Any good Texas oil and gas attorney must be fully versed in the Texas Statute of Frauds. The Statute of Frauds is an old concept, requiring that certain contracts have to be in writing and signed to be valid. The Statute of Frauds dates back to at least seventeenth century England, and was exported to the United States as part of common law. It now exists in the Texas Uniform Commercial Code and in the Texas Business and Commerce Code. The Texas Statute of Frauds requires that all conveyances of real property and transfers of mineral interests (including oil and gas leases) be in a writing, signed by both parties.For an agreement to comply with the Statute of Frauds, it has to include all of the essential elements of the agreement. Basic elements include the time of performance and a description of the property. This may sound fairly straight forward, but time and again, disputes have arisen over oil and gas agreements and conveyances that failed to accurately describe the interest being conveyed — or in which the conveyance was not in writing at all.

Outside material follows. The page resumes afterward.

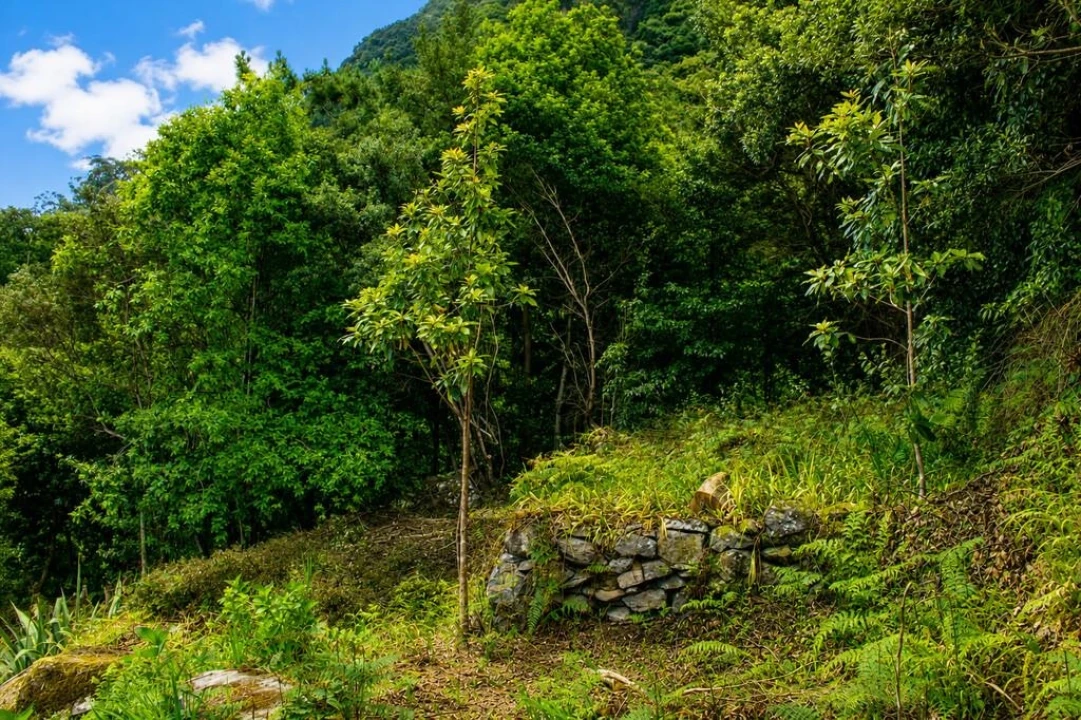 Terreno para Venda em Ponta Delgada Foto 14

For example, in Quigley v. Bennett (2007), geologist Robert Bennett charged Michael Quigley, an oil and gas operator, with fraudulently inducing him to perform services related to an oil and gas lease. Bennett claimed that he was entitled to an overriding royalty interest that Quigley had conveyed to him orally in return for certain services that Bennett performed. The Texas Supreme Court disagreed. Because Bennett and Quigley never put the conveyance in writing, Bennett had no interest. He therefore was not entitled to the $1 million award that the jury had given him.
More recently, in Preston Exploration Co. v. Chesapeake Energy Co. (2010), the Court reviewed a disagreement over the legal descriptions in Purchase and Sale Agreements for oil leases. Preston argued that the Purchase and Sale Agreements and exhibits complied with the Statute of Frauds because the description identified the property being conveyed with “reasonable certainty.” However, the District Court of the Southern District of Texas found that since neither the Agreements nor the exhibits included specific information about the location of the leases, they failed to comply with the Statute of Frauds.